The European Commission is ultimately responsible for the execution of the European Union’s budget. However, this involves a range of actors, including Member States, to which the Commission delegates implementing tasks related to a significant share of the budget.
Each year, the discharge procedure ensures ex-post democratic oversight at political level of how the EU’s annual budget has been used. It aims to verify whether implementation was in accordance with relevant rules (compliance), including the principles of sound financial management (performance).
The decision on whether to grant discharge for the execution of the EU budget is made by the European Parliament, which acts on a non-binding recommendation by the Council, the other arm of the EU budgetary authority. Another key institution is the European Court of Auditors, the EU’s independent external auditor, whose reports are a fundamental part of the procedure.
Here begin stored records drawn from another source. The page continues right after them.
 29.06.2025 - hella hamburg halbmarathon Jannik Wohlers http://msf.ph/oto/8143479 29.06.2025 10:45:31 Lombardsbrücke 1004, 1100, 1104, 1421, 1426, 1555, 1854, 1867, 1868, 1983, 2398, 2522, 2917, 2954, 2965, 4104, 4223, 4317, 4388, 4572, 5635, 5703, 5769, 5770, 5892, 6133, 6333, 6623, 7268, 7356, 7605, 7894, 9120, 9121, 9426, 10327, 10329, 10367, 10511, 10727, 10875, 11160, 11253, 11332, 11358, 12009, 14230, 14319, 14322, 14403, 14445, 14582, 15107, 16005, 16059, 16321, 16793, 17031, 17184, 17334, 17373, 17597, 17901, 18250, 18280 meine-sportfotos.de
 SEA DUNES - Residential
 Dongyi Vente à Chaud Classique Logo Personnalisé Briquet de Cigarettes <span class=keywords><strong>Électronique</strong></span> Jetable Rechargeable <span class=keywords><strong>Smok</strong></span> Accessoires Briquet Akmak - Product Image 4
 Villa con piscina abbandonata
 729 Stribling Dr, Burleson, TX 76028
The discharge procedure has proved to be a powerful tool, which has had an impact on the evolution of the EU’s budgetary system, while contributing to increasing the Parliament’s political leverage. The Treaty of Lisbon has provided the procedure with a new tool – an evaluation report on the results achieved with the EU’s finances – which could increase the focus on monitoring the achievement of policy objectives. In the wake of the euro crisis, another development being debated concerns how to ensure democratic scrutiny of the financial tools that have been created outside the EU’s institutional framework and as such are not subject to the discharge procedure.